Disclaimer: This is a very heuristic question and I will be satisfied with heuristic insights, if rigorous and precise answers are not possible.

All the examples of closed surfaces (or higher dimensional manifolds) whose spectrum I have seen evaluated explicitly have highly repeated eigenvalues. They also happen to be quite symmetric (non-trivial isometry group), which was instrumental in the calculation of the spectrum in the first place. I have heard many people quote this heuristic: the more symmetric a manifold is, the higher the chances of spectral multiplicity. I was wondering

  1. Is there a way to make this heuristic precise?

  2. What about the converse? If a manifold has high spectral multiplicity, does it need to have a nontrivial isometry group?

  3. If the answer to 2. is negative, and there are large classes of examples of surfaces/manifolds that are not symmetric at all, but have high spectral multiplicity, is there some other property shared by these examples which is causing the multiplicity?

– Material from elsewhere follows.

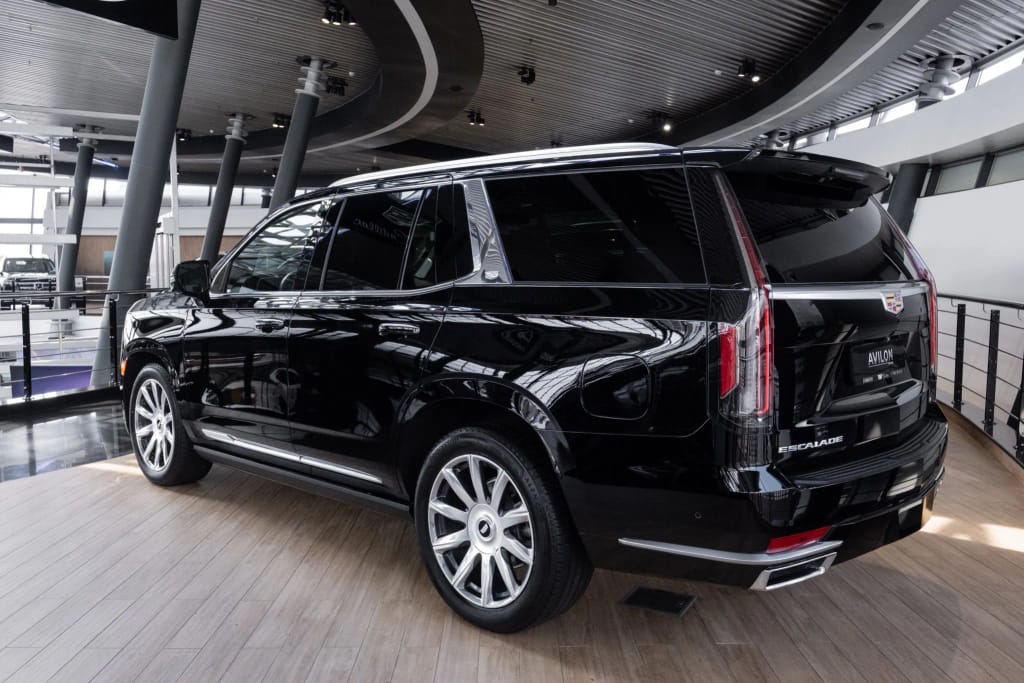 Cadillac Escalade-V Cadillac Escalade-V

In other words, are there other criteria apart from symmetry that would make one suspect spectral multiplicity?

Edit: Okay, I just found High multiplicity eigenvalue implies symmetry? So, I know that the answer to 2. is negative. Also, Liviu Nicolaescu answers 1. below. I am still confused about 3. In other words, is there any criterion other than symmetry, that, if you know that a metric satisfies, you would suspect high spectral multiplicity?